▸ Data to use:
※ ※ ※

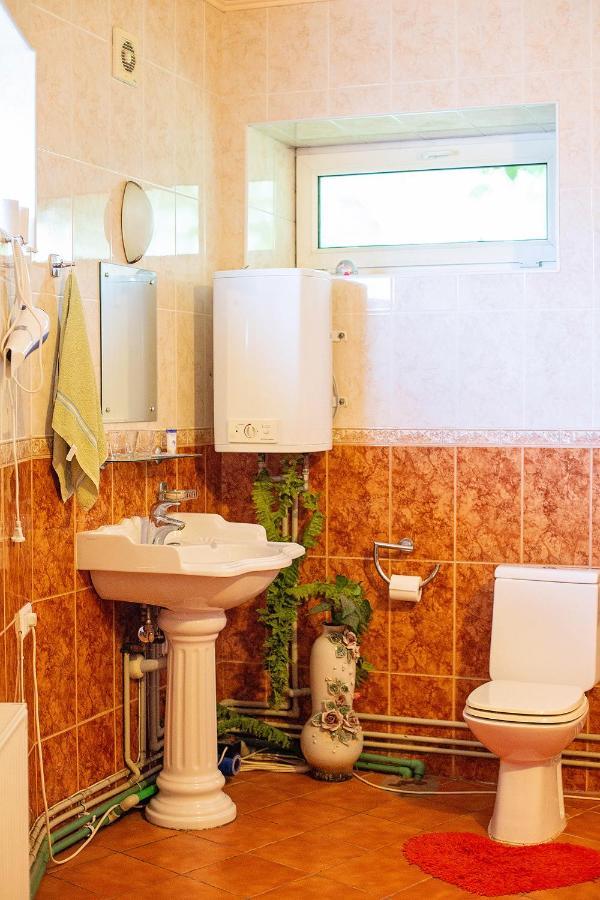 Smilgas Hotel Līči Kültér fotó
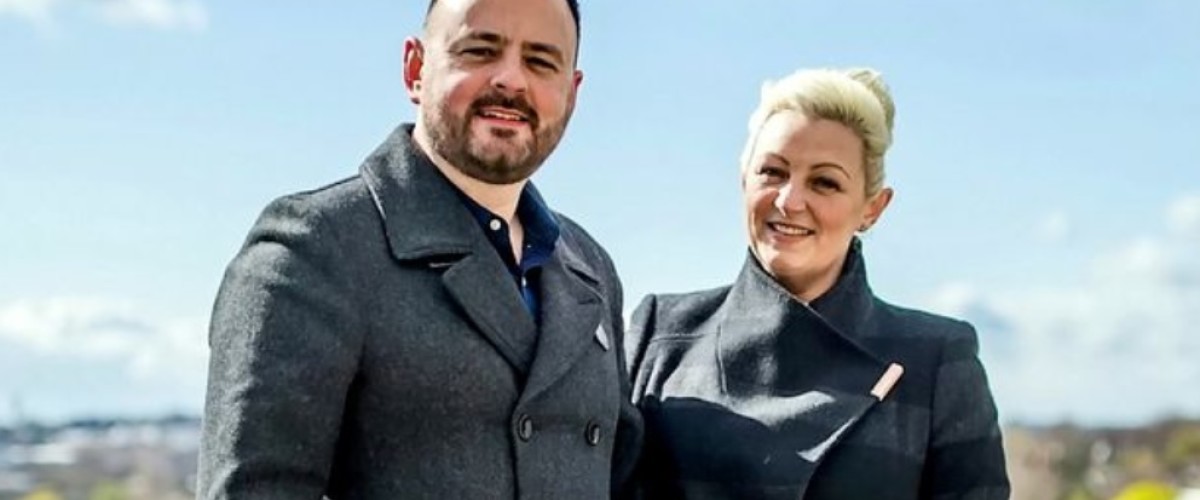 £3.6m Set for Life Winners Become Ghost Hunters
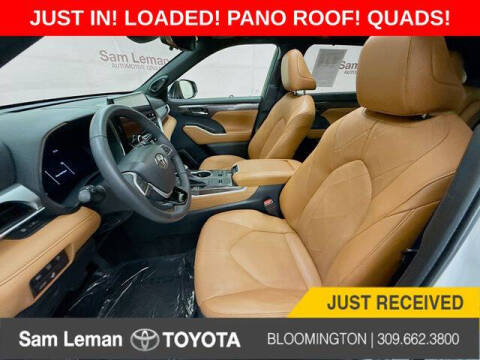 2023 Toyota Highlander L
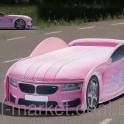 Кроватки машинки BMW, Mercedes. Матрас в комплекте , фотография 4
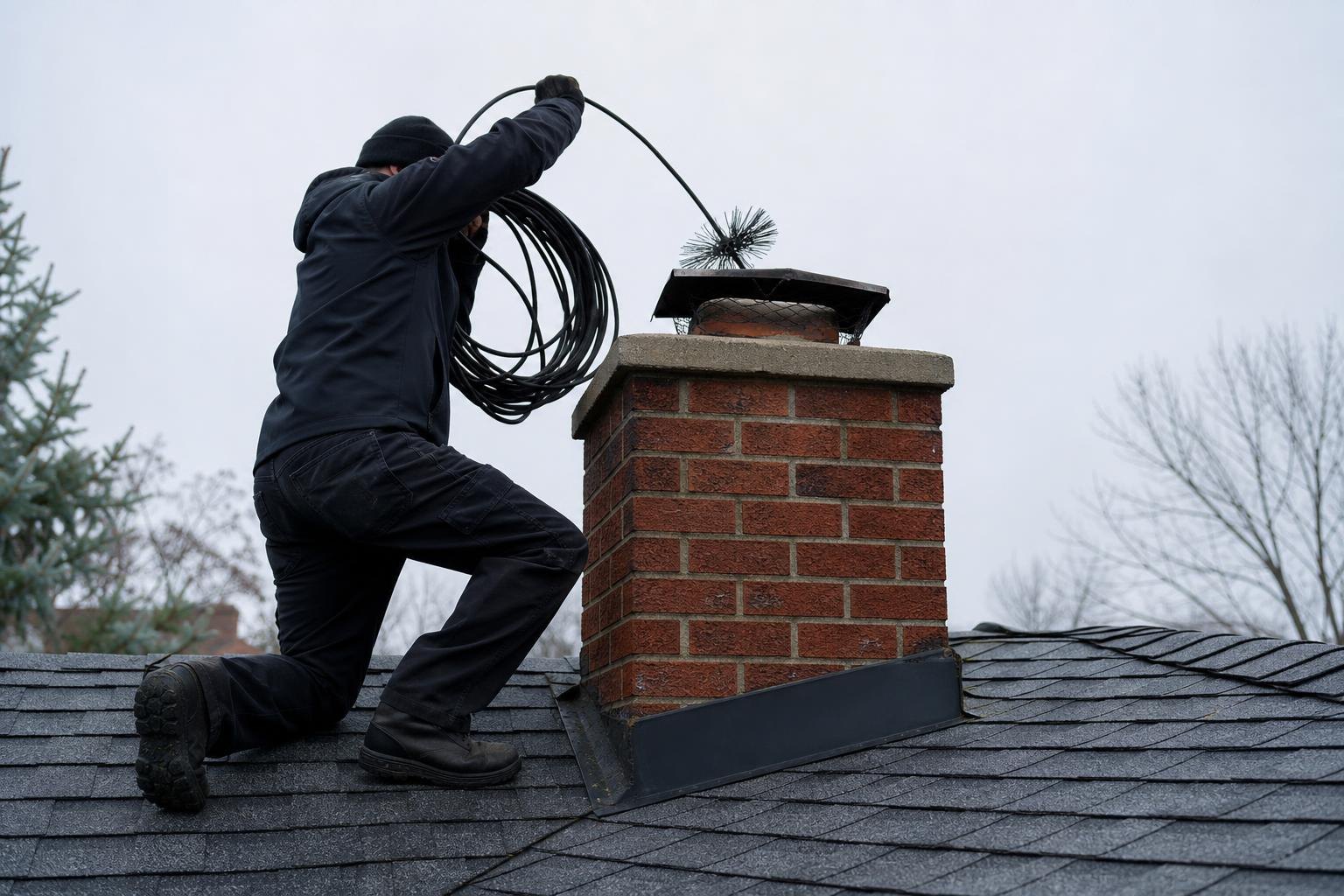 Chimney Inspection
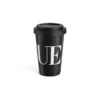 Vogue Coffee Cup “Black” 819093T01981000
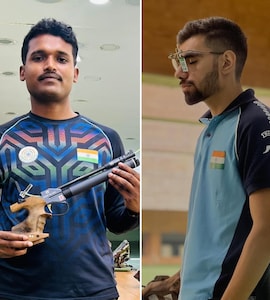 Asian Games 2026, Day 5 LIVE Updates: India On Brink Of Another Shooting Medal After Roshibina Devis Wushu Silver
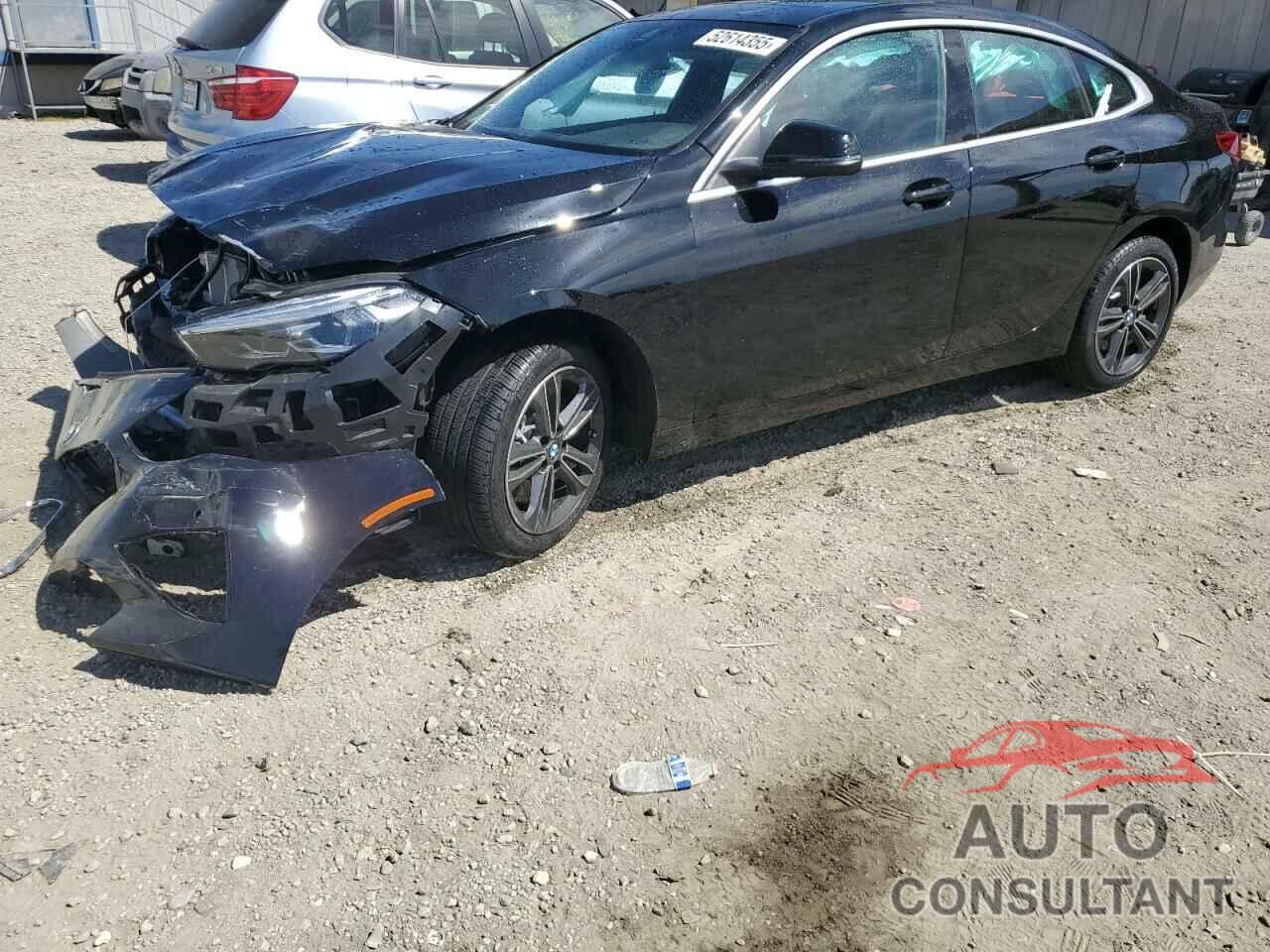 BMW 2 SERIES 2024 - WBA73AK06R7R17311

※ ※ ※

▸ Goal of the exercise:
Could you set down exactly, and only, the lines from the line containing "Chimney Inspection" through the last line of the records, both included, without the pictures?

▸ Solution to this task:
 Chimney Inspection
 Vogue Coffee Cup “Black” 819093T01981000
 Asian Games 2026, Day 5 LIVE Updates: India On Brink Of Another Shooting Medal After Roshibina Devis Wushu Silver
 BMW 2 SERIES 2024 - WBA73AK06R7R17311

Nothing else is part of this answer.